* _DATA EXTRACTS_:
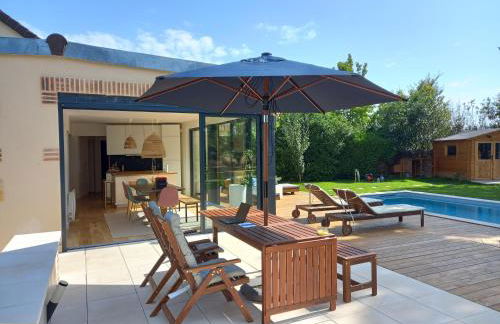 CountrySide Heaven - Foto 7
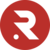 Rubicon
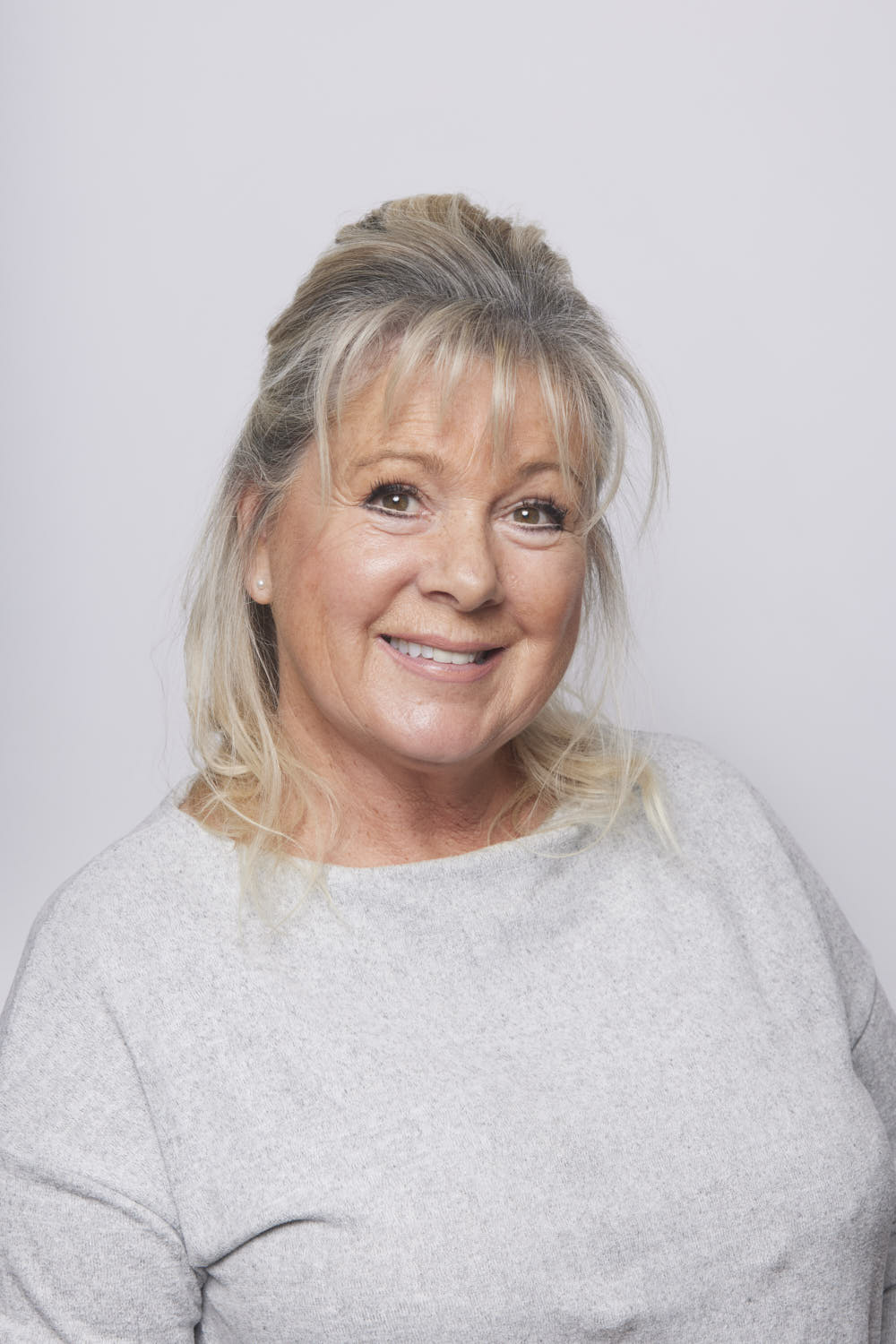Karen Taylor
--
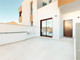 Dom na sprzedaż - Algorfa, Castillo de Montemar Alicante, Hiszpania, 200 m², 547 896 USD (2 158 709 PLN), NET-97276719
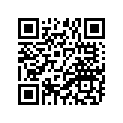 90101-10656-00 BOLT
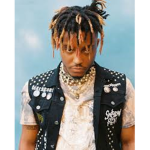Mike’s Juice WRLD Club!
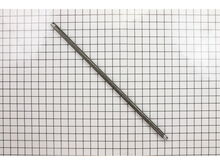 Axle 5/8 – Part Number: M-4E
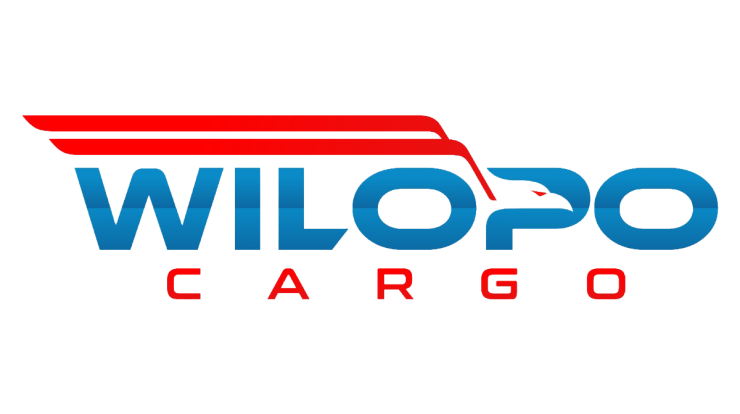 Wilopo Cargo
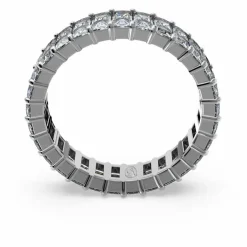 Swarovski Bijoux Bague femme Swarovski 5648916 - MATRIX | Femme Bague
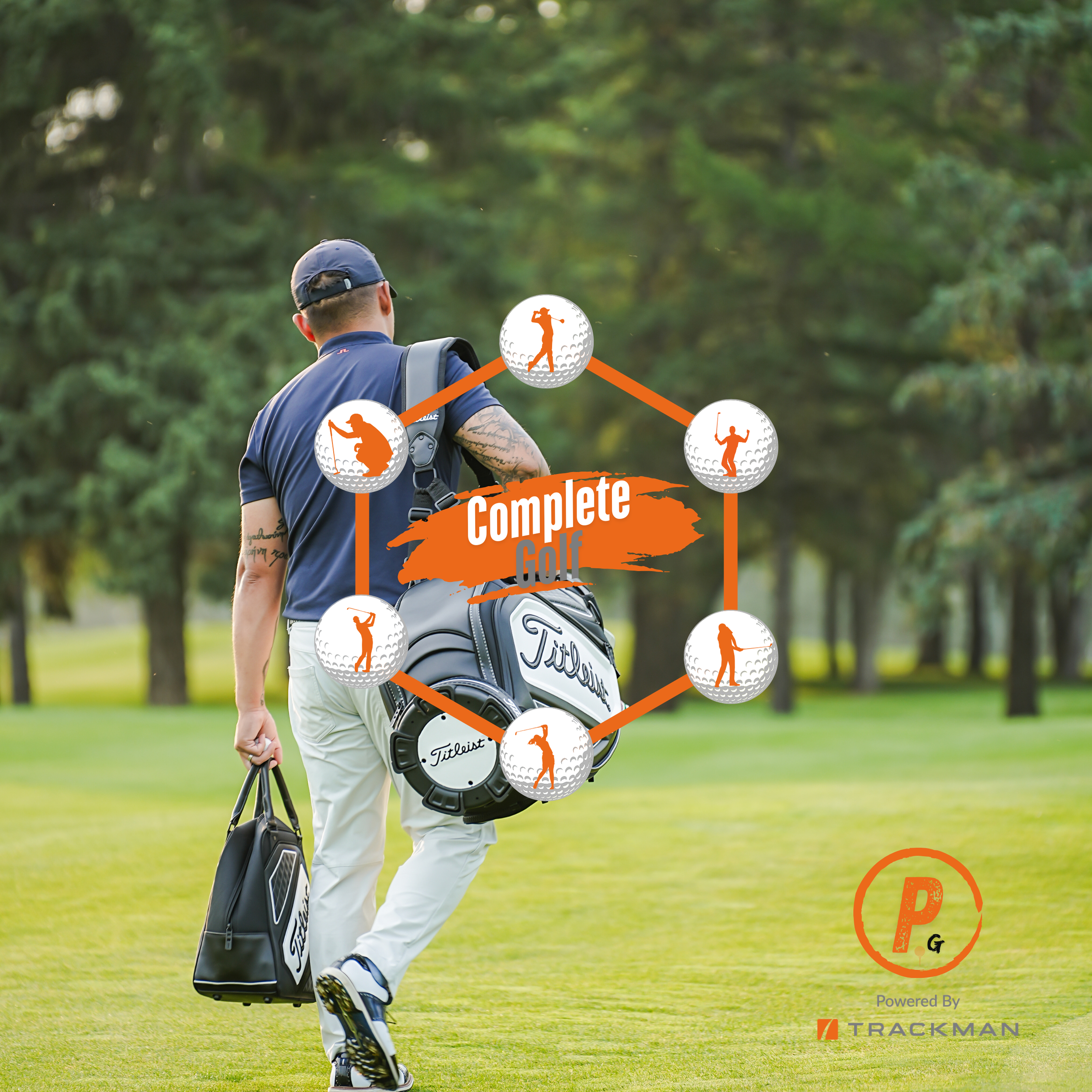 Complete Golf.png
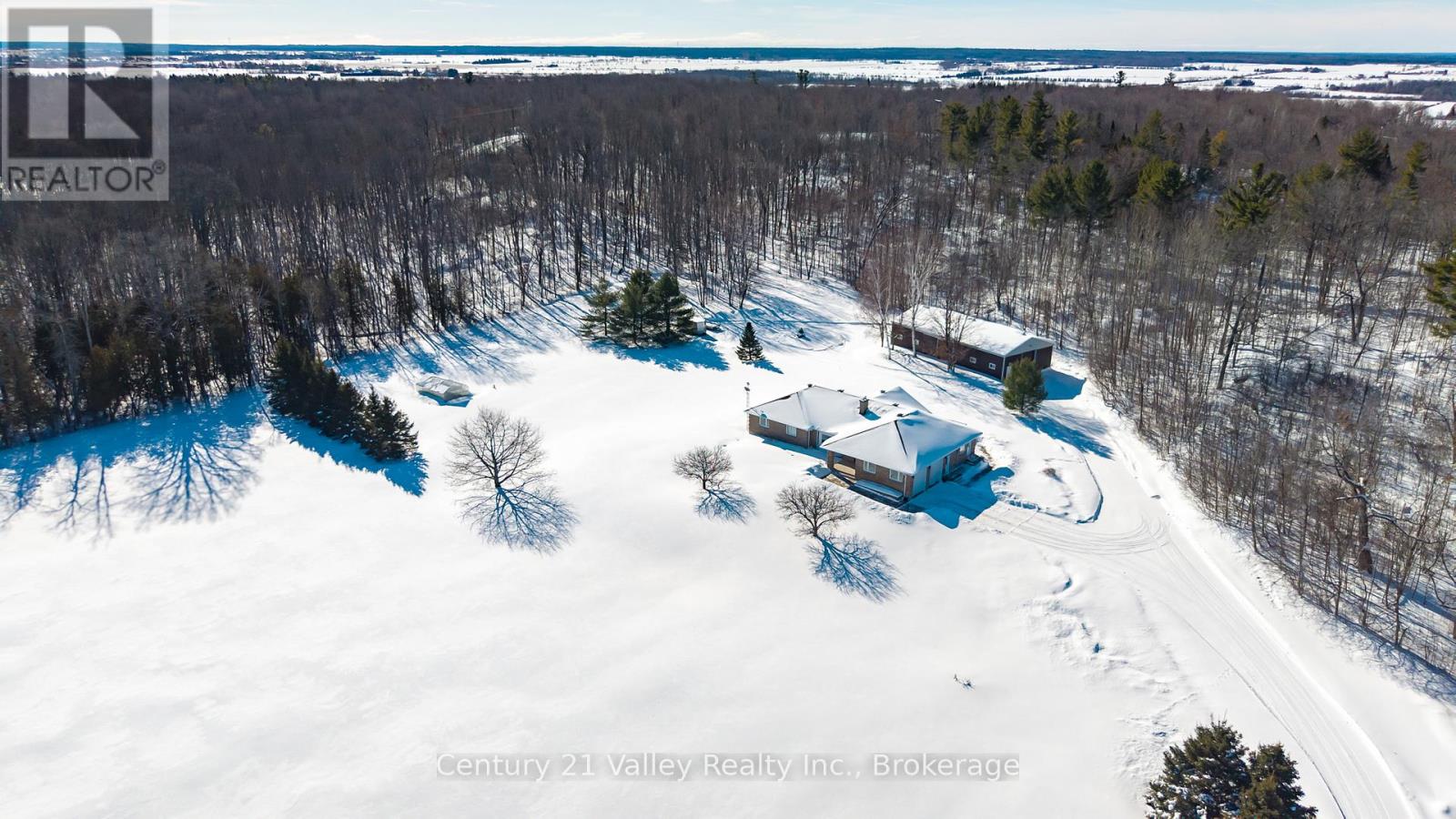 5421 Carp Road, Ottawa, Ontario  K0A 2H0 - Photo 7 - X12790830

* _WORK TO COMPLETE_: Everything above from the line that has "Complete Golf.png" down to the line that has "5421 Carp Road, Ottawa, Ontario" should be output exactly, with both of those lines included. Leave the pictures behind.

* _YOUR SOLUTION_:
 Complete Golf.png
 5421 Carp Road, Ottawa, Ontario  K0A 2H0 - Photo 7 - X12790830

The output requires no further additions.